Around the same time, a circus shows up. Lead by an unnamed gypsy (Adrienne Corri), the circus attempts to entertain the masses, but there’s definitely something off about them. What is it? Emil (Anthony Higgins), a member of the circus, is the cousin of Count Mitterhaus. He’s brought the circus here to exact his revenge on the townspeople by killing the children of the men who killed the count and, naturally, reviving his cousin. One of the star attractions of the circus is a black panther, which we eventually learn is Emil himself.

And that’s part of the problem here. Vampire Circus plays with a lot of the vampire canon, and doesn’t do it in a way that does it any favors. Emil can shapeshift into a panther, not a bat or a wolf, and that seems odd. The vampires seem to be able to come and go as they please into people’s houses without being invited in. Why? Because the plot demands it. That’s lazy writing. There are plenty of ways to get the vampires into a house without resorting to completely rearranging centuries of vampire lore.

Much of the film revolves around the romance between Dora (Lynne Frederick), the daughter of the school master and Anton Kersh (John Moulder-Brown), the son of the doctor. Since Dora is the daughter of one of Count Mitterhaus’s killers, she is clearly on the hit list. Since Anton is the son of the skeptical doctor, he’s a hard sell in terms of there being vampires in the area. And round and round we go.
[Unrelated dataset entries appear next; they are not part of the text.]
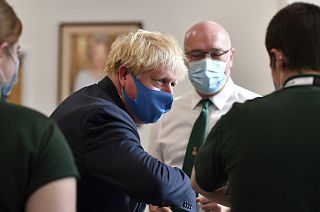 British prime minister Boris Johnson wears a mask while visiting the HQ of the London Ambulance Service.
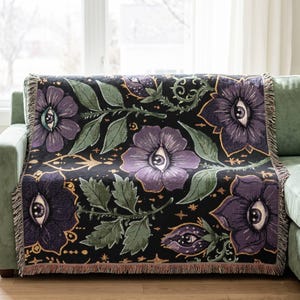 Könnte beinhalten: Eine gewebte Wohndecke mit schwarzem Hintergrund und einem sich wiederholenden Muster aus violetten Blumen, die jeweils ein zentrales Auge enthalten. Das Design umfasst grüne Blätter, goldfarbene Sternakzente und dekorative Fransen an den Rändern.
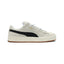 Displays the lateral view showing the Sand beige suede upper, prominent Black smooth leather Formstrip, gilded metallic "PUMA SUEDE XL" branding, chunky off-white textured midsole with gum outsole base, and oversized white fat laces.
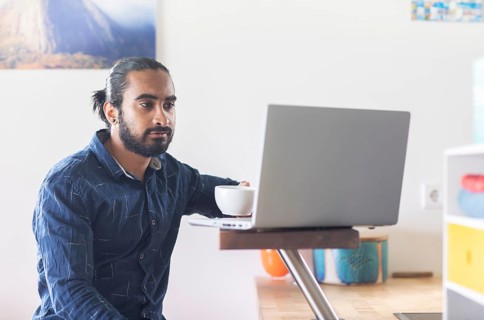 Young man with ponytail and checkered shirt drinking tea at home and working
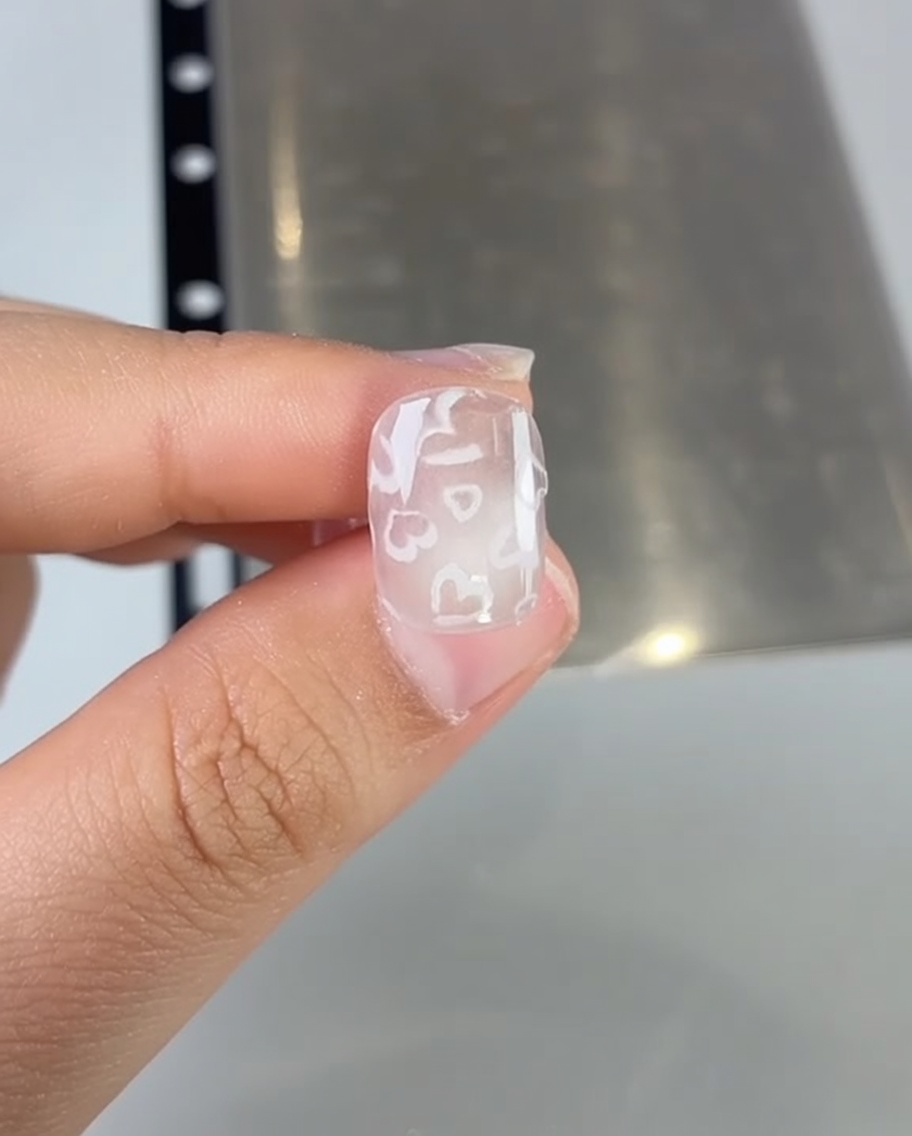 ピンクのジェルネイルを爪に塗布している様子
There are a few daring things here. Children get killed off with some regularity in the film, which seems shocking coming from a horror film of this style and in this era. There’s also a good amount of nudity in the film’s opening and early in the circus scenes. In particular, there is a variation of animal taming that is actually an erotic dance featuring an animal tamer and a nude woman painted as a tiger. It comes just short of straight-up porn, at least for 1972 mainstream standards.

That’s my complaint here. There’s a lot of possibility, even in a genre as played out as the vampire film in 1972. There were a lot of places that this could be taken instead of trying to just sexy and gore up a genre that had ceased being interesting. The gore moments are mostly ineffective. A few townspeople get torn up by the panther at one point, and it’s cheap looking and not very effective. The aftermath is clearly bad stage props that wouldn’t shock a 10-year-old.

I don’t say things like this often, but it’s warranted in the case of Vampire Circus. Someone needs to remake this. What I mean by that is that someone needs to take the awesome name of this movie and make a real film out of it. Bring it into modern times. Ramp up the weird sexuality. Add some real scares. Honestly, the name is pretty much all that is worth salvaging. If this had been a psychedelic vampire film, it could have been fantastic. Instead, it’s just sort of dull.

Why to watch Vampire Circus: It’s a clear attempt to maintain Hammer’s Gothic past.
Why not to watch: So much wasted potential.